Headlines at both ends of the line celebrated its completion.  It provided new forms of both transportation and entertainment to patrons in that much simpler age.  It predated Chapman Highway by a quarter-century and today’s Exit 407 by decades.  Before the mid-Thirties, a 2-1/4 hour train ride was the fastest conveyance between Knoxville and Sevierville for passengers and freight.

Throughout its financially-rocky history, the line operated under four different names:  KS&E (1909-1921), Knoxville & Carolina (1921-1926), Tennessee & North Carolina (1926-1938) and Smoky Mountain (1938-1961).  Founder W. J. Oliver envisioned selling his new railroad to the growing Southern system.  However, Oliver’s friend, Southern president Samuel Spencer, perished in a Virginia train wreck.  So, the sale never happened.  Oliver built his line anyway, still desiring an over-mountain link with another railroad in the Carolinas.
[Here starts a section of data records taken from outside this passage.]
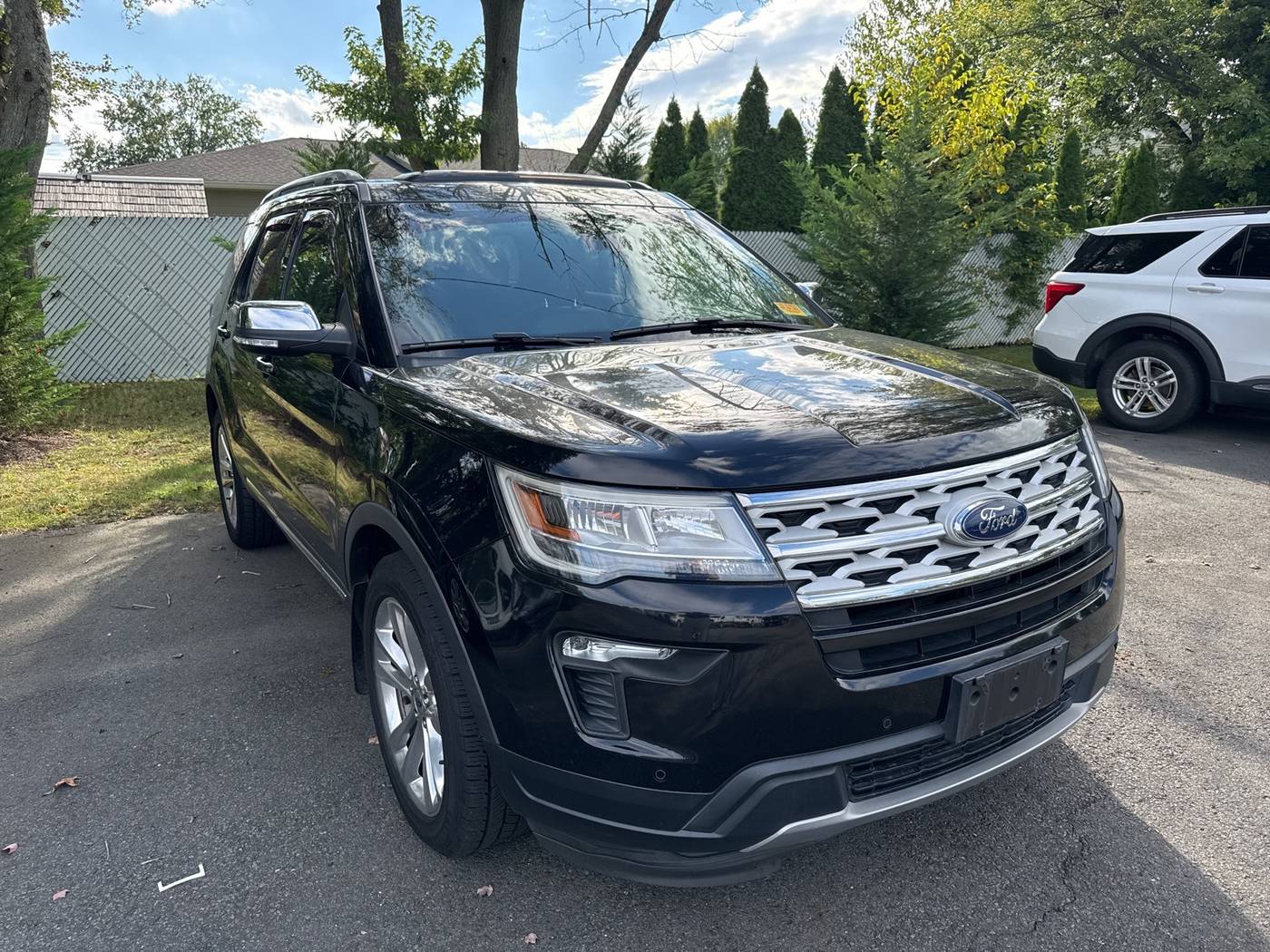 2019 Ford Explorer XLT — SUV — 48,911 mi — Trenton, NJ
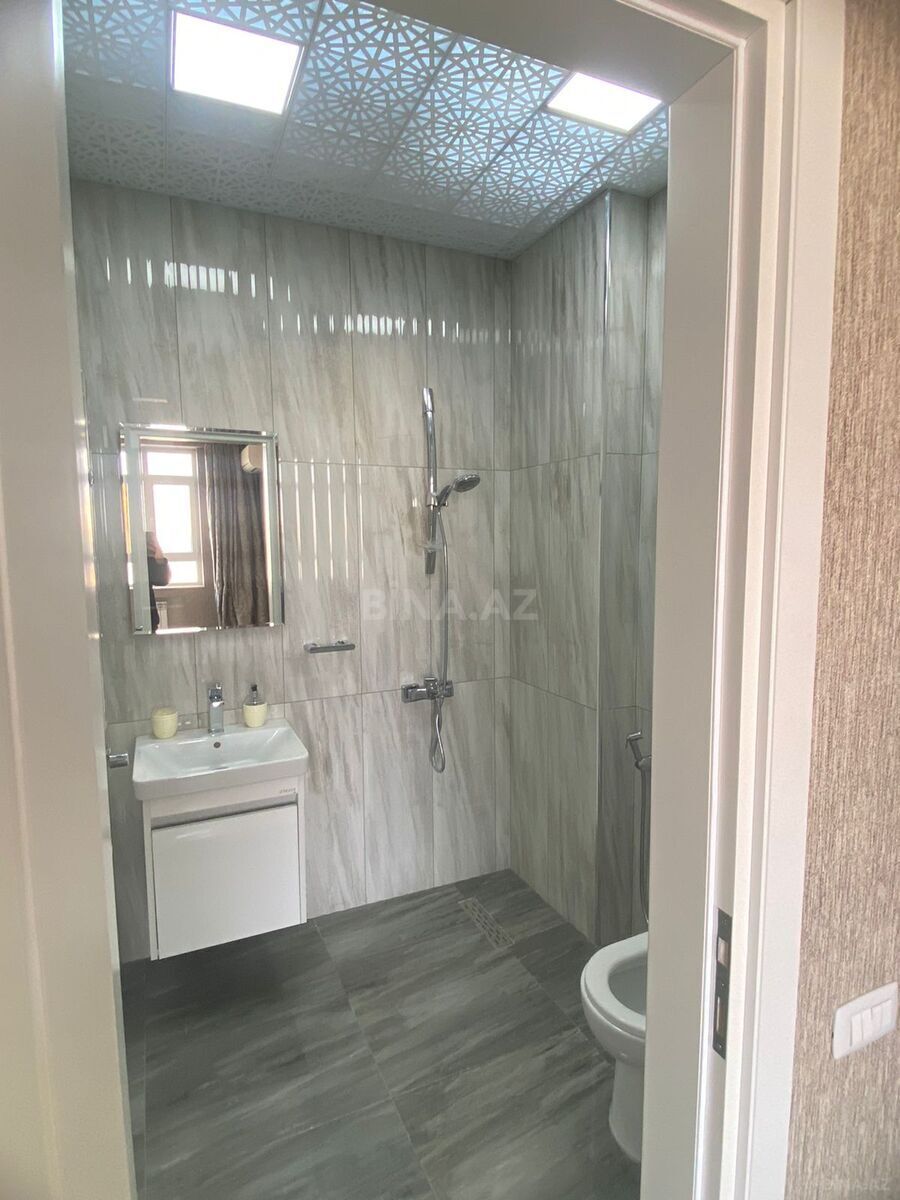 4 otaqlı yeni tikili - Nizami m. - 200 m² (8)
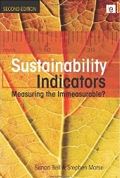 Sustainability Indicators: Measuring the Immeasurable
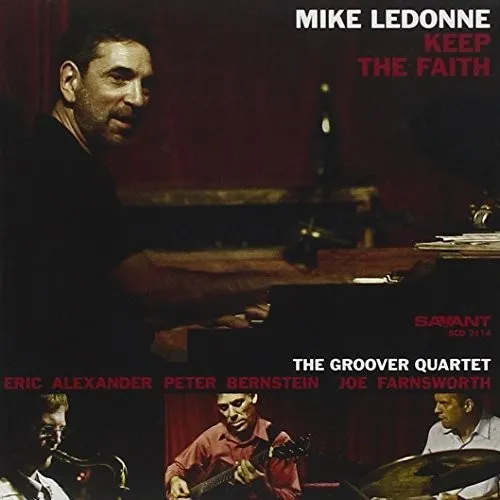 Mike LeDonne Keep the Faith (CD) Album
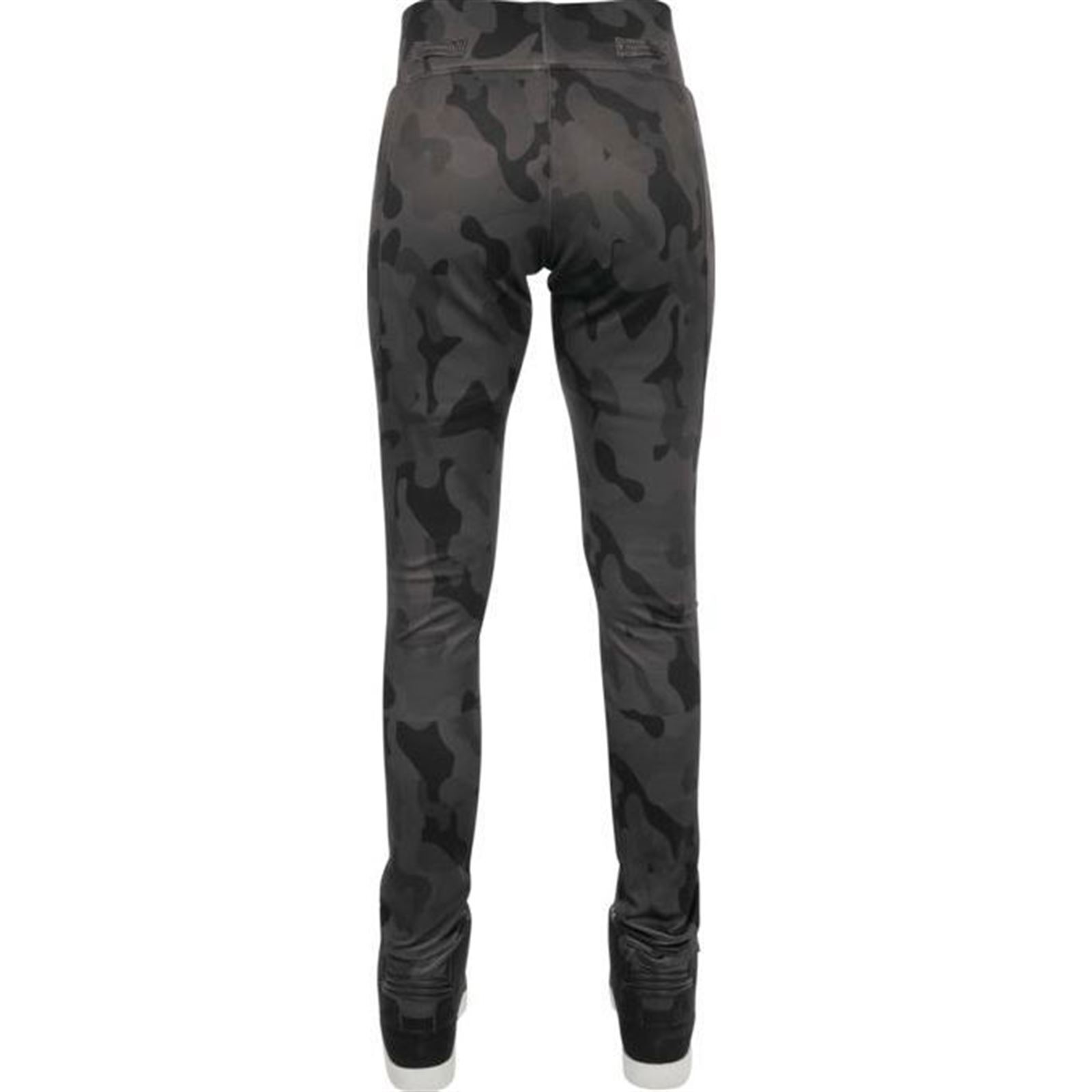 Double Take Legging Camo Womens - 2 Regular - Click Image to Close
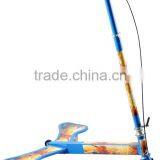 HDL-7611 HOT SALE !! Kick Scooter Swing thumbnail-3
During its era, the Smoky Mountain Railroad operated unique steam locomotives and wooden passenger and freight cars.  Thus, authors and rail fans came from afar to write about and photograph the “Slow & Easy” before it was too late.  In 1949, writer William H. Schmidt Jr. dubbed Smoky Mountain “the Shrine of Shortline Railroading.”  By this time, the L&N and Southern were operating diesel-powered streamliners and all-steel fast freights.
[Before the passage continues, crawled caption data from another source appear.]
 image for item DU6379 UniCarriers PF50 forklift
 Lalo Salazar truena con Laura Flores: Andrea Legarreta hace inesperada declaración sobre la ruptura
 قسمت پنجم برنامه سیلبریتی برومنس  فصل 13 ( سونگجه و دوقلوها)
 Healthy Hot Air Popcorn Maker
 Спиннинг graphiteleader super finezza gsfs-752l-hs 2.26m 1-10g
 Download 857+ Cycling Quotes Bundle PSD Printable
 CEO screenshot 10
The railroad’s Knoxville terminal was in the Second Creek valley at the intersection of Main and Cumberland Avenues.  In 1982, the same site hosted the World’s Fair’s Australian Pavilion.  Today, university parking lots S7 and C18 occupy the property.
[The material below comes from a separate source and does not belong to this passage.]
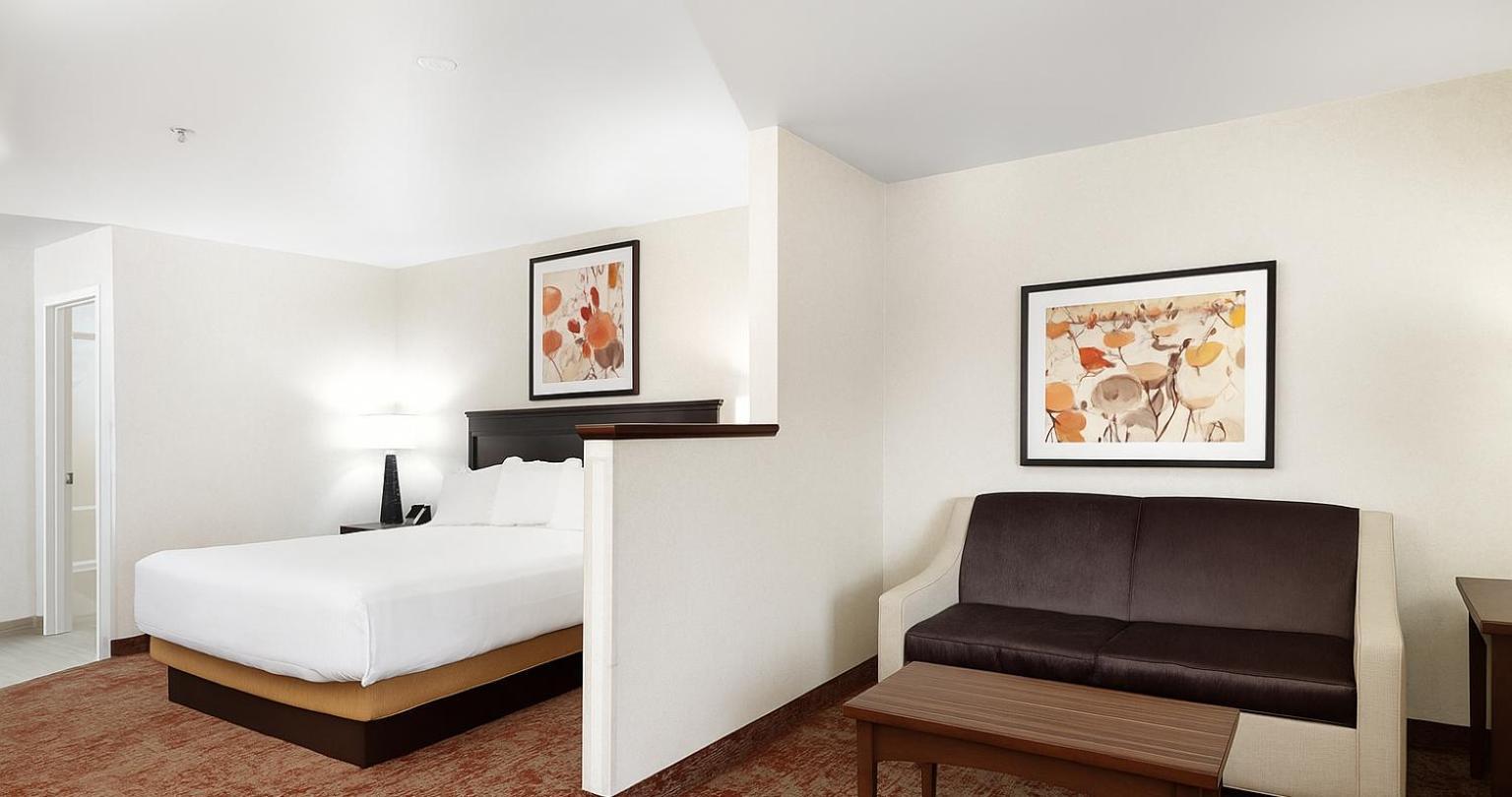 Executive Suite Dry Bar Non Smoking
Trains departing the terminal briefly entered the riverfront.  Then, they backed up to the Southern’s Knoxville & Augusta (K&A) “highline,” where they reversed again and crossed the river.  Just over two miles of K&A trackage rights permitted Sevierville-bound trains to travel to a switch in Vestal, where the “Slow & Easy” proper began.

In the railroad’s earliest days, South Knoxville and south Knox County were still mostly rural.  From Vestal, the KS&E struck out across country, following the lay of the land.  Small passenger depots and shelters were named for communities and property owners.  The Knox County stops were Kincaid (Martin Mill Pike crossing), Ford (Magazine Road / West Ford Valley Road intersection), Clear Spring (along Dick Ford Lane), Neuberts (Tipton Station Road / Pickens Gap Road intersection) and Klondike (Highland View Road crossing).

On the site of today’s Charter E. Doyle Park was Crusher Wye, a locomotive turning track and spur which served the marble quarry just off Stone Road.  A few miles beyond, the “Slow & Easy” passed through a deep rock cut in Brown Mountain.  Today, the cut is just across Chapman Highway from Ye Olde Steak House.

For economy’s sake, the KS&E was routed through a preexisting rock cut at Shooks Gap in Bays Mountain.  The county line cut was originally made in the 1880s for the failed Carolina, Knoxville & Western Railway project.  The “Slow & Easy’s” Sevier County stations were Shooks, Pitner, Seymour, Oak City, McMahan, Boyds Creek, Revilo (founder Oliver’s name spelled backward), Ewing and Sevierville.

In its final years, the railroad’s track and trestles deteriorated, making derailments commonplace.  The proliferation of trucks and buses on Chapman Highway sealed the line’s fate.  Its final train ran in January, 1961, and its rails were removed five years later.

Many Knox and Sevier Countians have fond, vivid memories of the “Slow & Easy” to this day, despite its unfortunate ending.  Special events at both ends of the line and points in between will commemorate its 110th anniversary this Fall and Winter.